In 1921, Dr. Frederick Banting and his team from Toronto, Canada, discovered the hormone insulin, a treatment for diabetes, in their research with dogs. Dr. Banting did not have a way to manufacture insulin in Canada in a form that would be usable by humans, so he reached out to Colonel Eli Lilly, the founder of the pharmaceuticals company that now bears his name. Their manufacturing facility in Indianapolis, IN was capable of producing the hormone, but Dr. Banting needed more information to properly configure the drug to work for humans. Lilly contacted Dr. John in Cleveland, Dr. Joslin in Boston, and Dr. Allen in New York to assist in refining and testing the insulin agent formula for human use. These three were the leading researchers, each struggling to find an answer to help treat this fatal disease in children. By 1923, Lilly had what was needed to begin commercial production of insulin.
A few years later, a medical school professor and physician in southern Ohio, Dr. Charles Beaman, was dealing with his own teenage daughter’s diabetes diagnosis, Sue Beaman. Dr. Beaman learned of the work being done at the Cleveland Clinic and the use of an anti-diabetes agent known as insulin to manage the blood sugars of diabetic individuals. He contacted the Clinic and was sent via rail a vial of insulin and instructions for use. Dr.
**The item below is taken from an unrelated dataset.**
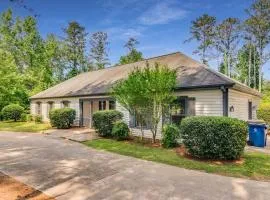 Luxury Poolside 4BR Sanctuary, Sleeps 8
Cecil Striker, a local doctor conducting insulin trials out of Cincinnati General Hospital, and a co-founder of the ADA in 1939, administered the insulin to the 13-year-old girl, who had fallen into a diabetic coma. Her older sister, Betty, sat at her bedside to witness the miracle effects of the insulin reviving her sister. At the time, Betty was a student at the University of Cincinnati. This moment furthered her resolve to become a doctor, even though her father was not fond of the idea of a female physician.
A few years later, Betty graduated and was accepted into what is now known as Case Western Reserve University. She moved to Cleveland during the summer of 1928 and worked in a lab at the Cleveland Clinic to help pay for her education. There, she met and soon married Dr. Henry John. They married on the grounds of his summer cottage in Geauga County, Ohio, where Camp Ho Mita Koda began.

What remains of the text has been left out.